Since the performance evaluation was a laborious and time-consuming task, only a small subsample (n = 200) was selected and annotated for assessment, representing 0.6% of the entire corpus. Although the sample was stratified for pseudonymization rate, it was not stratified for note length. A larger evaluation sample including stratification for note length might provide a more comprehensive performance assessment.
5. Conclusions
Medical free-text data can hold critical information about patients and diseases that AI applications could benefit from. However, due to regulatory and ethical considerations to protect patient privacy, de-identification is required, which is challenging due to the unstructured format medical text can be stored in. Additionally, as was our case, hand-written text can include informal language, typing errors, and abbreviations and can be written by authors of diverse educational backgrounds. In this paper, an ensemble-based de-identification tool was presented that achieved high performance on such texts written in the German language, for which examples in the literature are comparatively sparse.

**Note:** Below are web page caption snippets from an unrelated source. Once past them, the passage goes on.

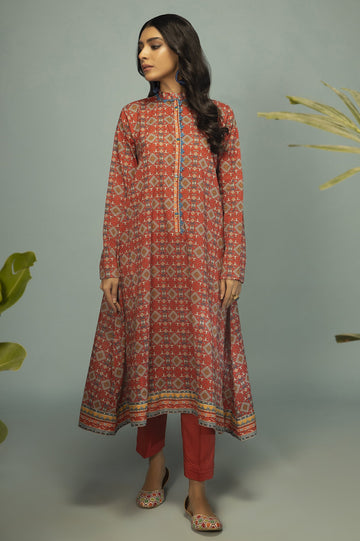 Unstitched 1 Piece Lawn Printed Shirt - Diners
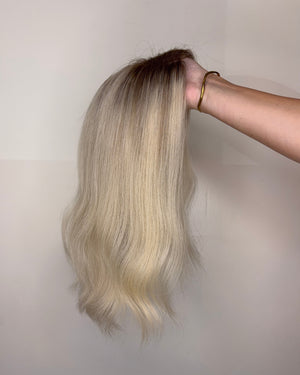 16" 5"x6" Premium Remy Human Hair Topper - KRYSTAL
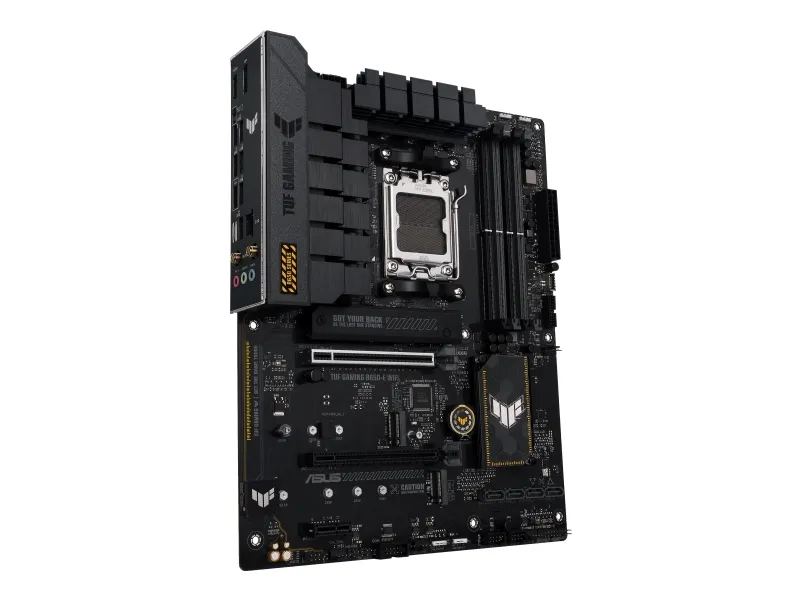 ASUS TUF GAMING B650-E WIFI - Bundkort - ATX - Socket AM5 - AMD B650 Chipset - USB-C Gen2, USB 3.1 Gen 2 - Wi-Fi 6E, Bluetooth - onboard grafik (CPU påkrævet) - HD Audio (8-kanaler)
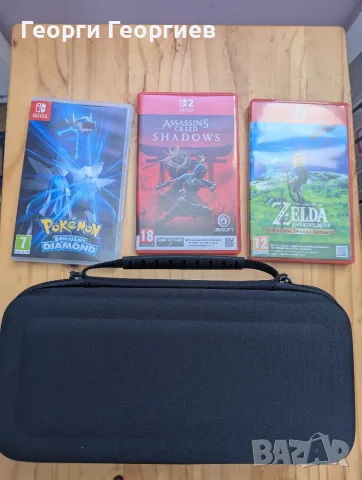 Nintendo Switch 2 + 3 игри + калъф, снимка 4 - Nintendo конзоли - 56077882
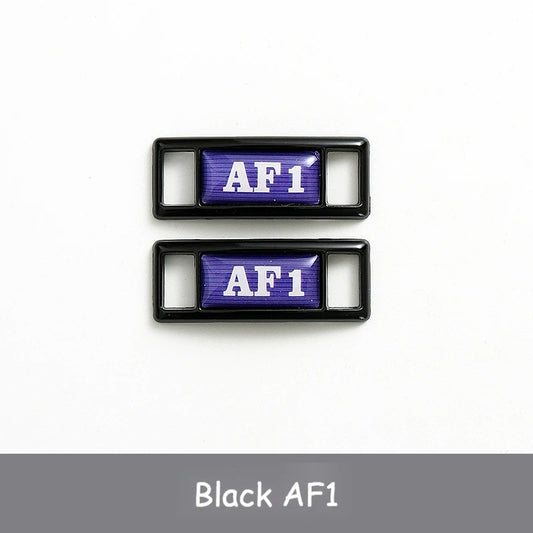 AF1 shoe buckle black purple metal 2 pieces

Interest in medical free text is on the rise, especially considering the widespread availability of powerful LLM applications. To fully utilize their capabilities while protecting patient privacy and to be compliant with regulatory frameworks, tools like the presented Masketeer algorithm are required. The presented methods and results aim to fill gaps in the literature concerning the applications of NLP in German medical texts (e.g., umlauts, salutations, hyphenated names). Furthermore, by presenting the advantages of an ensemble-based algorithm and analysis of performance, the study also intends to provide practical implementation ideas for other researchers and engineers trying to address similar issues, and the results could also serve as a potential baseline orientation to compare performances. Lastly, the ever-present dilemma of privacy versus utility was addressed by including a NER system that could further serve as inspiration for best practices in the de-identification of medical free text.
The answer to the question of whether rule-based systems or ML-based tools will prevail as the de-identification standard in the future remains indeterminate. Successful examples for both cases are found in literature. However, research interest in LLMs is high for a reason. Their natural capabilities to process human language make them more flexible than handcrafted rules, which will always be at risk of missing edge cases. Ultimately, in many situations, deciding on one technique likely comes down to the type of application. If transparency (e.g., in certified applications) and performance (e.g., on massive datasets) are key, rule-based systems might still outperform LLMs. Improvements in the aspects of explainability and efficiency are certainly valuable directions of future LLM research. Furthermore, measures to prevent LLMs from leaking private training data into their answers should also be explored more deeply to make them more feasible for medical texts.